Controlled foreign companies (CFC): profit shifting

 The measure switches off the partial exemption rules for loan relationship credits of a CFC that arise from an arrangement with a main purpose of transferring profits from existing intra group lending out of the UK. It also amends the anti-avoidance rule relating to the transfer of external debt to the UK to ensure that the rule works as intended. The first part of the measure will apply to arrangements entered into on or after 5 December 2013 and the second part will have effect for accounting periods beginning on or after 5 December 2013.

Partnerships review: partnerships with mixed membership

 The first element of the partnerships review measure will affect mixed membership partnerships where partnership profits are allocated to a non-individual partner in circumstances where an individual member may benefit from those profits. The second element will affect cases where partnership losses are allocated to an individual partner, instead of a non-individual partner, to enable the individual to access certain loss reliefs. The changes will take effect from 6 April 2014 with the exception of anti-avoidance rules concerning tax-motivated profit allocations. These rules come into force from 5 December 2013 in order to protect against risks to tax revenue.

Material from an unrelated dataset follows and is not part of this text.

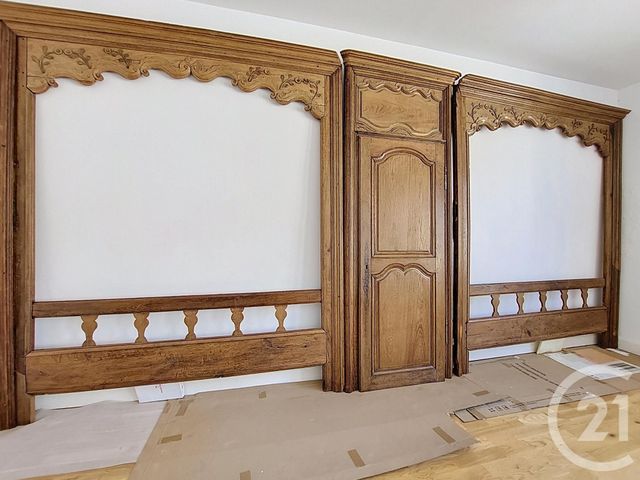 maison à vendre - 9 pièces - 220.0 m2 - MIRECOURT - 88 - LORRAINE - Century 21 Les Portes D'Or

Avoidance schemes using total return swaps

 The measure blocks avoidance schemes where deductions are claimed for payments between companies in the same group under derivative contracts which are linked to company profits. It will apply from 5 December 2013 to schemes entered into on any date.

Double Taxation Relief (DTR): revenue protection

The measure will make two changes to the DTR rules to prevent avoidance. Both changes will have effect from 5 December 2013. It will have effect on non-trading credits for accounting periods beginning on or after 5 December 2013, with transitional provisions where accounting periods straddle this date. The amendment to the rules on refunded tax credits will take account of payments made by the foreign tax authority on or after 5 December 2013.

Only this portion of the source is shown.